[Data records]
◆ ◆ ◆ ◆

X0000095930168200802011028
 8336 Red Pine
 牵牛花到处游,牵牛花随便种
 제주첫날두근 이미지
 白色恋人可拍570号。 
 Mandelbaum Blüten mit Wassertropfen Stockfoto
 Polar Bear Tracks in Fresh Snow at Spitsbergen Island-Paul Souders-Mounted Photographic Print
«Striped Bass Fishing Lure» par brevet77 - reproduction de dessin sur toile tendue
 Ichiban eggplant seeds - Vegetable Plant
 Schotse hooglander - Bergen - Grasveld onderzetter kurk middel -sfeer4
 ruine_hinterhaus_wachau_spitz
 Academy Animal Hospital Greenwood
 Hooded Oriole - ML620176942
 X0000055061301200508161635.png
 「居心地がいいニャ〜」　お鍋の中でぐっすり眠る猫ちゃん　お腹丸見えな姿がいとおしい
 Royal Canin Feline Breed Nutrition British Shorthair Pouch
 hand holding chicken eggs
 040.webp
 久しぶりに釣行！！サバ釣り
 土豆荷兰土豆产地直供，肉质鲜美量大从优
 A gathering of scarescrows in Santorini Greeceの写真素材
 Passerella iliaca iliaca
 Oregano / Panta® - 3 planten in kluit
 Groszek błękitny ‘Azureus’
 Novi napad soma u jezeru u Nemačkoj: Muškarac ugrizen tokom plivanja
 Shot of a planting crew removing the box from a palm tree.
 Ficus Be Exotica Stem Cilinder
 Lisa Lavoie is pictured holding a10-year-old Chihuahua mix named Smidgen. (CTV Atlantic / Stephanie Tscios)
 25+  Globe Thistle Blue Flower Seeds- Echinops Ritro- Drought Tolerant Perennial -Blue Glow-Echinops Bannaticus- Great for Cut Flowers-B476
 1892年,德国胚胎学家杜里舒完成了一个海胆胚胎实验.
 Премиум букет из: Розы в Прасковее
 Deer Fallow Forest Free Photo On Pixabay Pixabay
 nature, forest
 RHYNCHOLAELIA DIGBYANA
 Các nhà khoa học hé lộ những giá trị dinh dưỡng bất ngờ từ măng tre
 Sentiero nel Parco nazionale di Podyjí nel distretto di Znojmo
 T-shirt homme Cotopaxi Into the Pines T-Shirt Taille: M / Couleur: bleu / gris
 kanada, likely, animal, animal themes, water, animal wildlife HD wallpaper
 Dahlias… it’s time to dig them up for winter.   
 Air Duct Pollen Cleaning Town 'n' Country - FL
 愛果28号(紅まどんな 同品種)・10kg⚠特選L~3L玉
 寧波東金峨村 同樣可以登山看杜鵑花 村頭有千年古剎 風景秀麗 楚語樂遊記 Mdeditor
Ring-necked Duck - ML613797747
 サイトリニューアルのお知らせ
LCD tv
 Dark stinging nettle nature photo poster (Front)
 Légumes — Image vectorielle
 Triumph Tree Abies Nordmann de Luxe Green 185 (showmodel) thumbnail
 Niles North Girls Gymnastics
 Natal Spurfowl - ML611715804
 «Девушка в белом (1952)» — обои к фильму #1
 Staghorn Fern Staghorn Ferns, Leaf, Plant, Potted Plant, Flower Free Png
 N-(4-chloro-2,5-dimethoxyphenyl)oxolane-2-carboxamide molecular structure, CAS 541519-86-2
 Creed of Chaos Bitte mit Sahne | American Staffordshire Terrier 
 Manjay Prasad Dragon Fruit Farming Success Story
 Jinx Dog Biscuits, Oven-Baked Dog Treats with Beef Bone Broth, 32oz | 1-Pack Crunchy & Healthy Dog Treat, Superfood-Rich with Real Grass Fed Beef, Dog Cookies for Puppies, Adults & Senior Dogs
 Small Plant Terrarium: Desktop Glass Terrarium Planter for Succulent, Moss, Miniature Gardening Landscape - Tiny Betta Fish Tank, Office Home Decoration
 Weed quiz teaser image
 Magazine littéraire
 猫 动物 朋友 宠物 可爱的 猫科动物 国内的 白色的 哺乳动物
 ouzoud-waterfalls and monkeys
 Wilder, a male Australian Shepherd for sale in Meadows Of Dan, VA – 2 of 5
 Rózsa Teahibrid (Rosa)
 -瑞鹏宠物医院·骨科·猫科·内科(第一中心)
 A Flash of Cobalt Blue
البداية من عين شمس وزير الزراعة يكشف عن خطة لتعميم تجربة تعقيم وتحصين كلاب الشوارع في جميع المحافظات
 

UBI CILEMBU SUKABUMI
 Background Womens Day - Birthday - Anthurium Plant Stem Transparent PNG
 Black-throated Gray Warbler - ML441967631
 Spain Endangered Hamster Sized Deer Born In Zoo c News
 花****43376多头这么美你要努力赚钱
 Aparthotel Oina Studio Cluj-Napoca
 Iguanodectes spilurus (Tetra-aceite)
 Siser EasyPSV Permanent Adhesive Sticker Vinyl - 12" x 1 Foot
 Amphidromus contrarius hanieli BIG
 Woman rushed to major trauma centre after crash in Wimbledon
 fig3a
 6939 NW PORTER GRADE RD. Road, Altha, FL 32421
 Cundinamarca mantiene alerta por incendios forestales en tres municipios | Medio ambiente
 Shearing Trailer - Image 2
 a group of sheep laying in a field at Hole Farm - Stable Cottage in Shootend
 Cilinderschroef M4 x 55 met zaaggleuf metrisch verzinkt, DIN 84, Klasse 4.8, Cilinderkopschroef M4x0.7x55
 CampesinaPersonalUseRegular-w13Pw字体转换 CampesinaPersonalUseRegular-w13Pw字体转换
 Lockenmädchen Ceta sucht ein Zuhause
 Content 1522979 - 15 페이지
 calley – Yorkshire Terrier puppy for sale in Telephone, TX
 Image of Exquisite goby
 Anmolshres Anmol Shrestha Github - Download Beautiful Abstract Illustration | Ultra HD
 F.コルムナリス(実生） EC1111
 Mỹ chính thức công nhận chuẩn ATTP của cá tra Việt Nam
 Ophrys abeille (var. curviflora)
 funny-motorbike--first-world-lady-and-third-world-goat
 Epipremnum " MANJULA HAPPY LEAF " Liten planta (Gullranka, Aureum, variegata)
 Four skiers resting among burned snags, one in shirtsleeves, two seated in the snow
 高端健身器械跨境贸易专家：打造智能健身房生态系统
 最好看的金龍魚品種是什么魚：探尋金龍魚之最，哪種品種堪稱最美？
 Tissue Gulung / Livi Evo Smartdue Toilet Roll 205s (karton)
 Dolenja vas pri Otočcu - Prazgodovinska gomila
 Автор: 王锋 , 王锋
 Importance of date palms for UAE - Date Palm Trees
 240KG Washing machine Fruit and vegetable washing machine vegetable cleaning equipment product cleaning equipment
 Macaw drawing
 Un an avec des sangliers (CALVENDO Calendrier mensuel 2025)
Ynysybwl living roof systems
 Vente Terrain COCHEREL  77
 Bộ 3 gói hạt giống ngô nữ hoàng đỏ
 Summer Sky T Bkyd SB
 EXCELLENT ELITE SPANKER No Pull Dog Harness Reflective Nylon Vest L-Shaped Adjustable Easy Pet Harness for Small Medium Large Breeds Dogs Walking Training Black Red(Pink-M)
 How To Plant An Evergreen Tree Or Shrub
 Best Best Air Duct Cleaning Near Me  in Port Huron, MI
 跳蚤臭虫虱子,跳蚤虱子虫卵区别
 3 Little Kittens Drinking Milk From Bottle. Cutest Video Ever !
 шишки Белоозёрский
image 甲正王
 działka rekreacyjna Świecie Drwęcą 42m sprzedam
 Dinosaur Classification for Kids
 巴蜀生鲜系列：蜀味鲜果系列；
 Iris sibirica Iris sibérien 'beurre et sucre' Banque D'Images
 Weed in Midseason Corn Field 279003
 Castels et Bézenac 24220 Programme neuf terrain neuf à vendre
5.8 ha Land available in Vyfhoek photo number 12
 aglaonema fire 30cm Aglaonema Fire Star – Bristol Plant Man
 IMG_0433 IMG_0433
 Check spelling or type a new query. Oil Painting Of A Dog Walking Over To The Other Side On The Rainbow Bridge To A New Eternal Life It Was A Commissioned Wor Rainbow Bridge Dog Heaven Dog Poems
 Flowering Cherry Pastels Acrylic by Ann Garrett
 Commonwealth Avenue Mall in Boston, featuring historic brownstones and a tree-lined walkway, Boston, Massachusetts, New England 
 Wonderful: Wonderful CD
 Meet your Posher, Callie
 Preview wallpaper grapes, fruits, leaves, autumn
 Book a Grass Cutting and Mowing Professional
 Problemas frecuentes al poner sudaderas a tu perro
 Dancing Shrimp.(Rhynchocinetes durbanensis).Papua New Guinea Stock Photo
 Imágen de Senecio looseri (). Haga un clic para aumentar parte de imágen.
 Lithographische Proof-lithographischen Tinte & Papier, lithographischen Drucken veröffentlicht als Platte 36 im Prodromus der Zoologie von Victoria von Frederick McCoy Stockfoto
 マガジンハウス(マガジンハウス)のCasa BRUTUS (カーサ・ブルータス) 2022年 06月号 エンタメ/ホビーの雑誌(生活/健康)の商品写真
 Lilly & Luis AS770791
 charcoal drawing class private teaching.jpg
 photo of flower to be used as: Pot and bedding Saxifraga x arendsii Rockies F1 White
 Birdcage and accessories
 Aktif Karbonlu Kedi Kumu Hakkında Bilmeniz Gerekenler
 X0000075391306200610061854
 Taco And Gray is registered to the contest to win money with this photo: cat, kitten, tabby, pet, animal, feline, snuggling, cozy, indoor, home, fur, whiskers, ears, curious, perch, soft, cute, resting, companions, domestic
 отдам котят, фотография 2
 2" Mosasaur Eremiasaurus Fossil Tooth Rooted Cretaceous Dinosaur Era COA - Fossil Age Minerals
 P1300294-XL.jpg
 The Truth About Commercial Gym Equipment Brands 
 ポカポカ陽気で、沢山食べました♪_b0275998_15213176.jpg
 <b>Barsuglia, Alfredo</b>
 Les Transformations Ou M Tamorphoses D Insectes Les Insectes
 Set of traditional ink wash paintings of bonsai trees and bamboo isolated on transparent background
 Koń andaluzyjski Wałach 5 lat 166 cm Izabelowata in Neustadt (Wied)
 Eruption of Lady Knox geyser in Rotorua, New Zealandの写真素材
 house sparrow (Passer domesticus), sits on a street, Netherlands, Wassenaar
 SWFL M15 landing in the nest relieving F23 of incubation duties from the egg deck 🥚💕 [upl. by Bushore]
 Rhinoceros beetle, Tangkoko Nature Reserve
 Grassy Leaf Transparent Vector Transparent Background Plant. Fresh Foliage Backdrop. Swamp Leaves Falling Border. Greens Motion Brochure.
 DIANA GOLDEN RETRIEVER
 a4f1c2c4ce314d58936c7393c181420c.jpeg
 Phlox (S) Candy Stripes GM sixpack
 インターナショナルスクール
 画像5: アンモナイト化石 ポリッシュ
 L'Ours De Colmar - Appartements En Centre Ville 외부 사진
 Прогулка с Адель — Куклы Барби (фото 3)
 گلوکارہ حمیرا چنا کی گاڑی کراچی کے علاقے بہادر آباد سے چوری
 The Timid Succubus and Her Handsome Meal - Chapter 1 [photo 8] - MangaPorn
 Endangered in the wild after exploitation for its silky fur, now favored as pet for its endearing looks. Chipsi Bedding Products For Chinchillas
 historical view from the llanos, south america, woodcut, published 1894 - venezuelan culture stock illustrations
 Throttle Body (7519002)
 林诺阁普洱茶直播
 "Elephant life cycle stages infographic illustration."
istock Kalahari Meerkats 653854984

◆ ◆ ◆ ◆

**EXERCISE DESCRIPTION:**
Going back over the entries above, copy word for word every line from the one that has "Passerella iliaca iliaca" on through the one that has "Légumes — Image vectorielle".

**OUTPUT:**
 Passerella iliaca iliaca
 Oregano / Panta® - 3 planten in kluit
 Groszek błękitny ‘Azureus’
 Novi napad soma u jezeru u Nemačkoj: Muškarac ugrizen tokom plivanja
 Shot of a planting crew removing the box from a palm tree.
 Ficus Be Exotica Stem Cilinder
 Lisa Lavoie is pictured holding a10-year-old Chihuahua mix named Smidgen. (CTV Atlantic / Stephanie Tscios)
 25+  Globe Thistle Blue Flower Seeds- Echinops Ritro- Drought Tolerant Perennial -Blue Glow-Echinops Bannaticus- Great for Cut Flowers-B476
 1892年,德国胚胎学家杜里舒完成了一个海胆胚胎实验.
 Премиум букет из: Розы в Прасковее
 Deer Fallow Forest Free Photo On Pixabay Pixabay
 nature, forest
 RHYNCHOLAELIA DIGBYANA
 Các nhà khoa học hé lộ những giá trị dinh dưỡng bất ngờ từ măng tre
 Sentiero nel Parco nazionale di Podyjí nel distretto di Znojmo
 T-shirt homme Cotopaxi Into the Pines T-Shirt Taille: M / Couleur: bleu / gris
 kanada, likely, animal, animal themes, water, animal wildlife HD wallpaper
 Dahlias… it’s time to dig them up for winter.   
 Air Duct Pollen Cleaning Town 'n' Country - FL
 愛果28号(紅まどんな 同品種)・10kg⚠特選L~3L玉
 寧波東金峨村 同樣可以登山看杜鵑花 村頭有千年古剎 風景秀麗 楚語樂遊記 Mdeditor
Ring-necked Duck - ML613797747
 サイトリニューアルのお知らせ
LCD tv
 Dark stinging nettle nature photo poster (Front)
 Légumes — Image vectorielle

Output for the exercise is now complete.